Section 168 provides that a company can remove a Director by passing an ordinary resolution at a meeting. Special notice is however required. On receipt of notice of an intended resolution to remove a Director, the company must send a copy of the notice to the Director concerned.
The eligibility criteria to become a director include the following: The individual must be at least 21 years old. The individual should not have an unsound mind. The individual should not be an undischarged bankrupt or declared insolvent.
What is a director's consent? In a director's consent an individual agrees in writing to be a director of a nonprofit. Every director who is elected or appointed needs to sign a consent. The consent needs to be signed within 10 days of being elected or appointed as a director.

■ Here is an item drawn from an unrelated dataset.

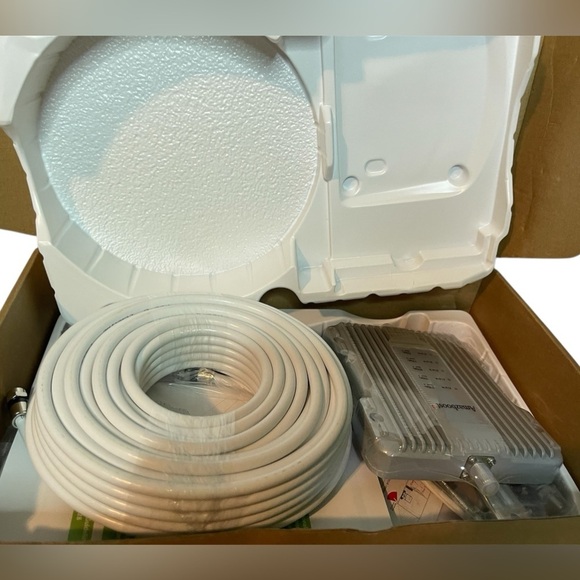 Amazboost Cell Phone Booster for Home -up to 2 500 SQ FT Cell Signal A1 - Picture 1 of 9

Who can be a director? Most people can hold a director position, but exceptions include anyone disqualified by the company's own Articles of Association, undischarged bankrupts, anyone disqualified by a court order and the company's auditor. Directors must be at least 16 years of age.
Directors are not just those who are registered as directors at Companies House. They are anyone who acts as a director, whether they are called directors or not. They include directors who have been appointed by the company but never properly registered.
Although a minimum of a bachelor's degree is usually required to become a director, you may also need hands-on experience to fully understand what's required of a successful director. You can start gaining this experience by working as an assistant to directors, film editors and cinematographers.
If you have been asked to accept a position as a director of a company in which you have little or no involvement, think again. All too often spouses are appointed as a co-director of their partner's company without understanding their full responsibilities as a director. This is commonly known as a 'silent director'.
A director can be removed without their consent under certain conditions, usually, governed by a company's bylaws, shareholders' agreements, and local jurisdiction. Here are common methods for director removal: Shareholder Vote - In many jurisdictions, directors can be removed by a majority vote of the shareholders.